### Task details:
When you repeat the entries below, please keep them exact and leave out the pictures.

*** Data supplied Section Begins ***

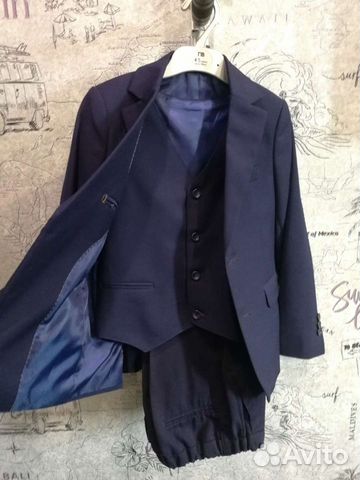 Школьный костюм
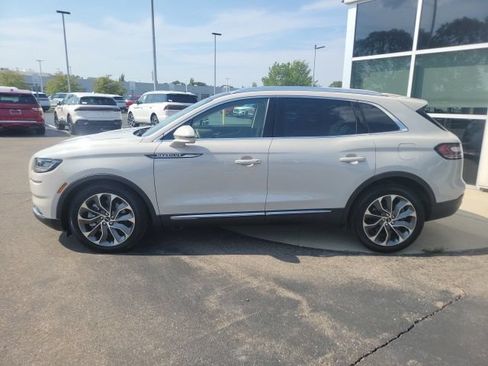 Certified 2022 Lincoln Nautilus Reserve w/ Luxury Package AWD/4WD image 3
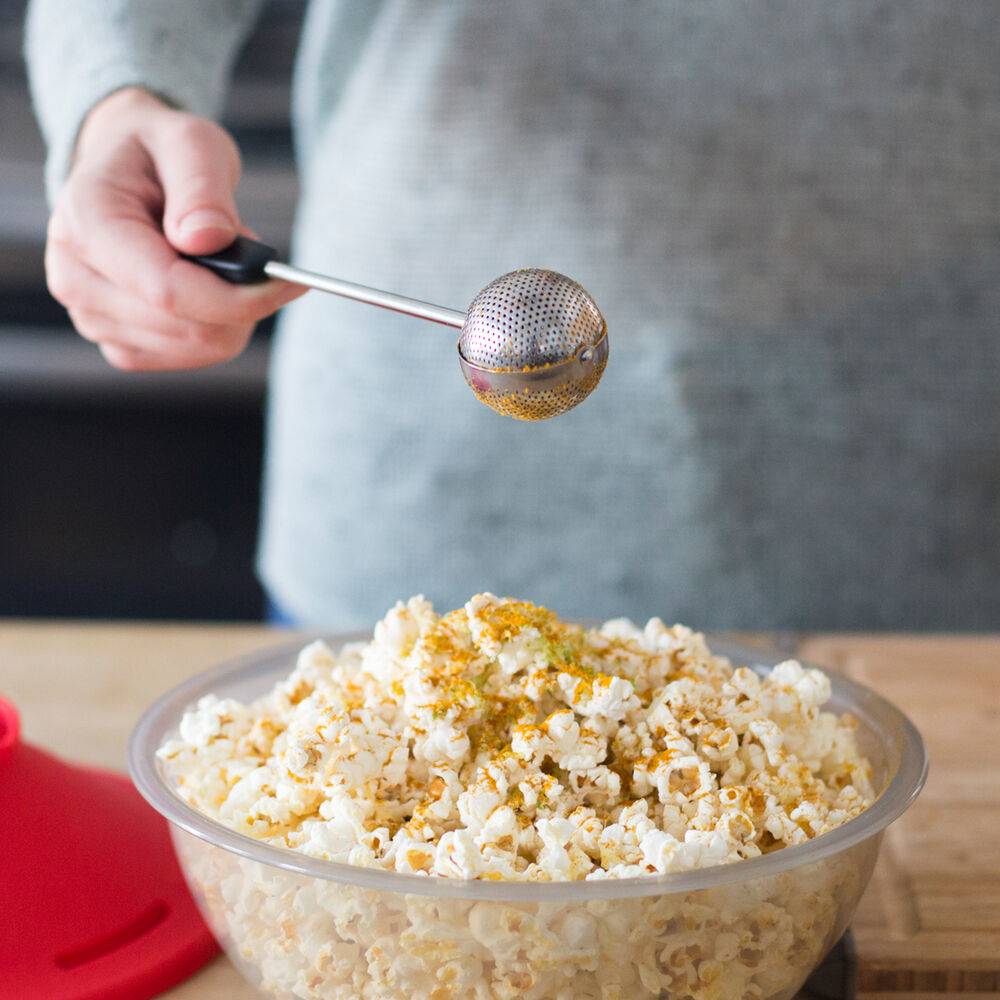 OXO Baker’s Dusting Wand Sur La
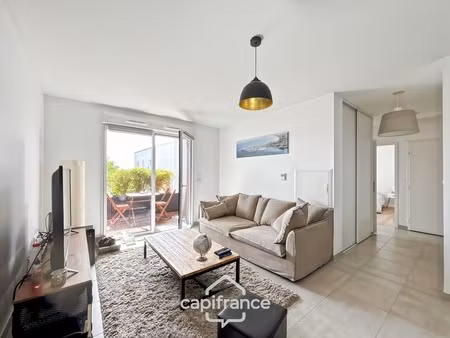 appartement 3 pièces avec loggia  parking - la rochelle  saint maurice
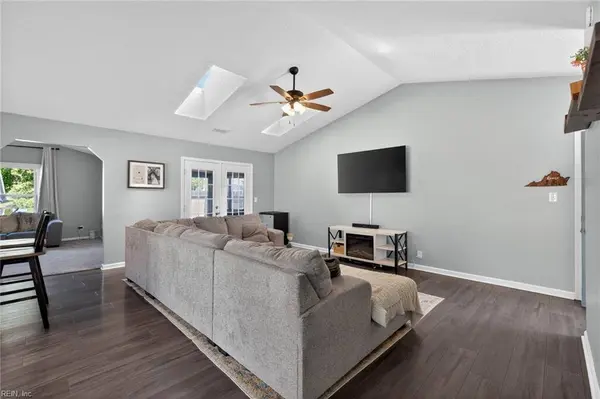 3132 Crestwood LN, Virginia Beach, VA 23453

*** Data supplied Section Ends ***

### Exercise output:
 Школьный костюм
 Certified 2022 Lincoln Nautilus Reserve w/ Luxury Package AWD/4WD image 3
 OXO Baker’s Dusting Wand Sur La
 appartement 3 pièces avec loggia  parking - la rochelle  saint maurice
 3132 Crestwood LN, Virginia Beach, VA 23453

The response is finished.